Tak hanya permintaan yang menurun, Airlangga mengatakan, imbas pandemi COVID-19 harga komoditas batu bara mengalami penurunan dari 66,89 dolar AS pada Februari, turun 35,95 persen atau hanya menjadi 49,42 dolar AS pada September 2020.
"Demikian juga target ekspor batu bara targetnya 395 juta ton per Oktober baru mencapai 58,51 persen atau 232,3 juta ton," jelasnya.
Sekadar informasi, pemerintah menargetkan penyerapan batu bara untuk kepentingan domestik pada tahun ini mencapai 155 juta ton, di mana 70 persen dialokasikan untuk pembangkit listrik yang mencapai 109 juta ton.
Kemudian 10,6 persen atau sekitar 16,52 juta ton untuk kebutuhan pengolahan dan pemurnian, 9,4 persen atau sekitar 14,54 juta ton untuk semen, lalu untuk pabrik tekstil dan kertas masing-masing dialokasikan sebesar 6,54 juta ton, dan untuk pabrik pupuk sebesar 1,73 juta ton.

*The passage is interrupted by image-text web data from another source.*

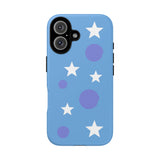iPhone Tough Case, Trendy Protective Phone Cover, Cool Smartphone Shell, Stylish Device Accessory, Unique Hard Shell Case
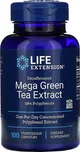 Life Extension Decaffeinated Mega Green…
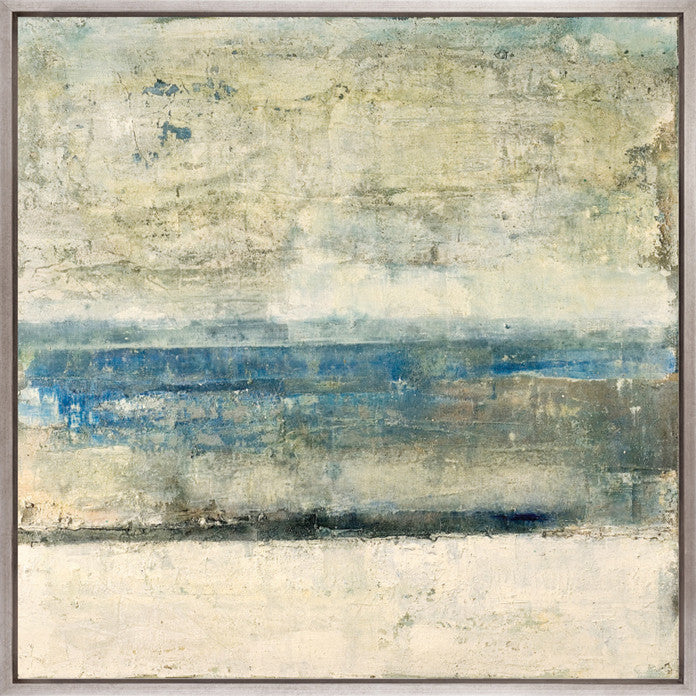 November Skies (Canvas)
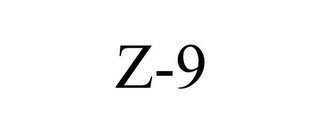 Z-9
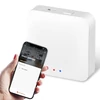 Kép 4/15 - Tuya ZigBee átjáró hub intelligens központ, WiFi okosotthon híd, vezeték nélküli távirányító, 60 eszközig, Alexa/Google kompatibilis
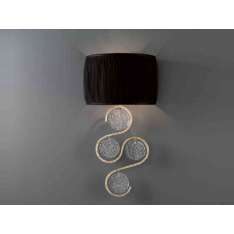 Lampa ścienna Serip Lines Ap1431/2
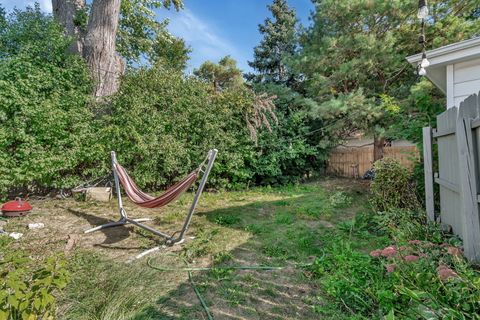 Tiny photo for 4217 Main Street, Downers Grove, IL 60515 (MLS # 12486720)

PT Perusahaan Listrik Negara (Persero) atau PLN sebagai perusahaan yang menyerap batu bara terbesar juga mengurangi konsumsinya. Hal ini karena dampak pandemi COVID-19 membuat konsumsi listrik menjadi turun. Kondisi ini kemudian membuat kebutuhan batu bara PLN berkurang seiring dengan pengoperasin PLTU yang juga berkurang.
BACA JUGA:
Kepala Divisi Batubara PLN Harlen dalam sebuah diskusi virtual menjelaskan pada tahun ini saja secara total sebenarnya PLN membutuhkan batu bara sebanyak 109 juta ton. Namun karena pandemi, kebutuhan turun menjadi 95,6 juta ton.
Harlen juga memproyeksikan tahun depan PLN juga hanya butuh batu bara sebesar 98,01 juta ton. Pemakaian batu bara PLN menjadi delay 2 tahun.
Dalam skenario moderat pasca-COVID PLN, kebutuhan batu bara PLTU tahun depan diperkirakan hanya akan mencapai 98,01 juta ton dari perkiraan semula 120,53 juta ton dan pada 2022 hanya mencapai 103,72 juta ton dari perkiraan semula 128,54 juta ton.
Kemudian pada 2023, proyeksi kebutuhan batu bara terkoreksi dari 135,13 juta ton menjadi 109,57 juta ton dan terkoreksi dari 136,77 juta ton menjadi 116,44 juta ton pada 2024.
Kebutuhan batu bara untuk PLTU milik PLN diperkirakan mulai terjadi trend kenaikan dari 2025 hingga 2029. Proyeksinya, yakni 121,98 juta ton pada 2025, 128,30 juta ton pada 2026, 134,88 juta ton pada 2027, 141,42 juta ton pada 2028, dan 147,32 juta ton pada 2029.